Bland-Altman plot showing EF agreement between Claude Opus 4 and cardiologist
Figure 2. Bland-Altman analysis for Claude Opus 4. Mean bias of +0.3% with limits of agreement −18.6% to +19.3%, indicating minimal systematic error.
Performance summary across all metrics and models
Figure 3. Comprehensive performance across EF correlation, RWMA detection, clinical agreement distribution, and documentation completeness.
Performance metrics table comparing all three LLMs
Table 1. Summary performance metrics. Claude Opus 4 leads across EF correlation, MAE, clinical agreement, and RWMA sensitivity. *** p < 0.001.

For diastolic dysfunction grading, Claude Opus 4 achieved fair agreement (weighted κ = 0.324), outperforming both Grok 4 (κ = 0.172) and ChatGPT (κ = 0.135). RWMA detection showed a conservative prediction pattern across all models — high specificity (82.8–91.9%) but limited sensitivity (16.7–46.1%), suggesting the models prioritise avoiding false positives.

A notable secondary finding: LLMs demonstrated superior documentation completeness compared to cardiologists — documenting EF in 99% of reports versus 87.5% in cardiologist reports, and diastolic dysfunction in 99–100% versus 91.9%.

Current performance is insufficient for diagnostic replacement of echocardiography. However, the results establish proof-of-concept for ECG-based cardiac triage: in settings where echo is unavailable, an LLM-generated preliminary assessment could identify patients requiring urgent referral (specificity 87%) at a cost of $2 per ECG versus $100+ for echo plus transport.

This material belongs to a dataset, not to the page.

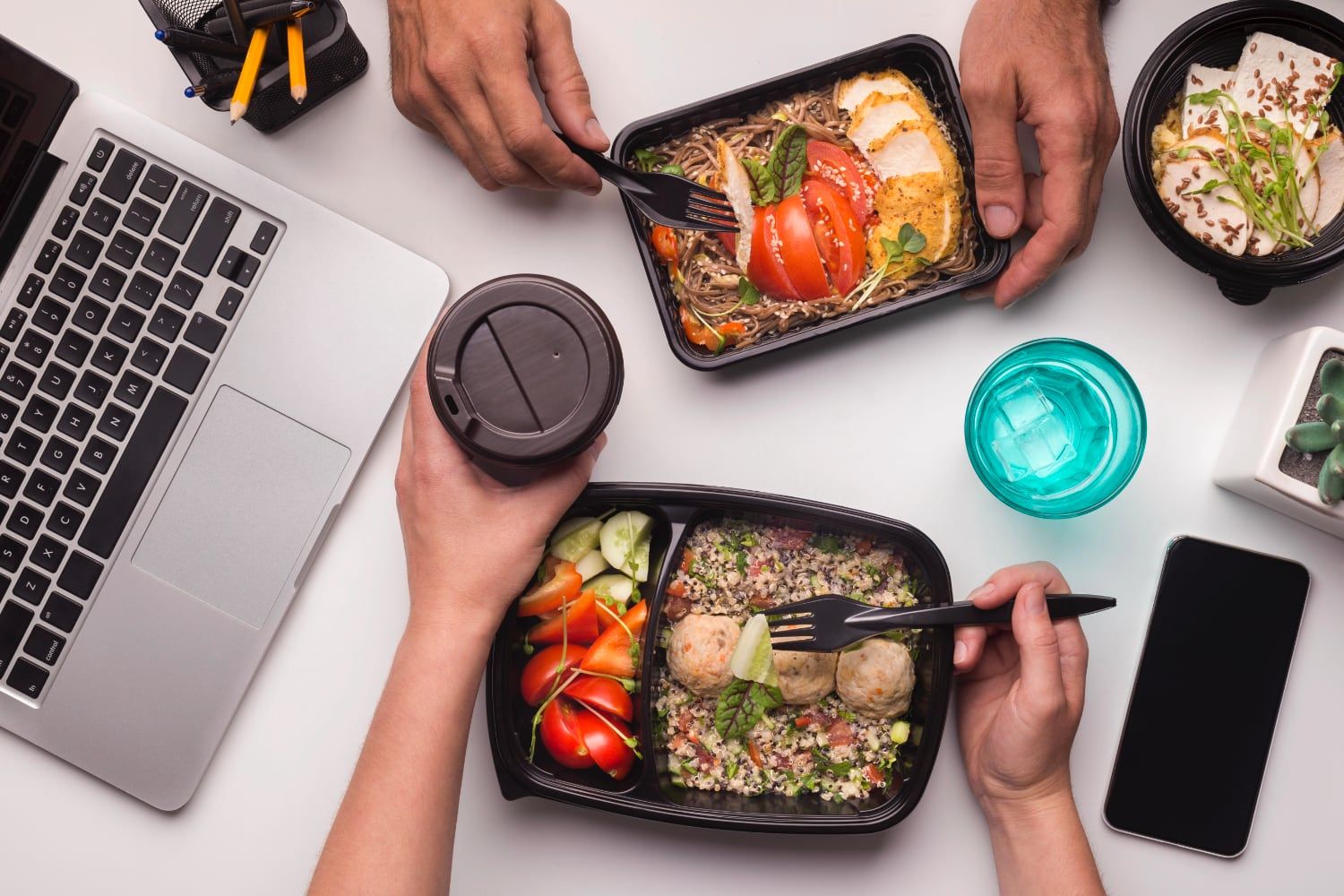 person eating healthy food from a packaged box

The clinical workflow we envision: a rural health worker obtains a 12-lead ECG, generates an LLM-based preliminary cardiac assessment, and uses the output to decide whether to refer — reducing blind referrals while catching approximately half of significant wall motion abnormalities that would otherwise go undetected until clinical deterioration.

Key Innovation

First demonstration that large language models can perform cross-modal cardiac inference — generating echocardiographic assessments from ECG waveforms alone, without fine-tuning, training data, or direct imaging input. This suggests ECG waveforms encode exploitable latent structural information accessible to multimodal AI systems.

Immediate next steps focus on improving RWMA detection sensitivity through model fine-tuning on annotated ECG–echo datasets and incorporating multimodal inputs (clinical history + ECG). We are pursuing external validation across multi-centre cohorts and diverse pathologies, with the long-term goal of a prospective clinical trial measuring time-to-appropriate-referral and 90-day patient outcomes.

Technical development includes ensemble methods combining multiple LLMs, uncertainty quantification with confidence scoring, explainability overlays identifying which ECG features drive predictions, and integration with point-of-care ECG devices for real-time deployment.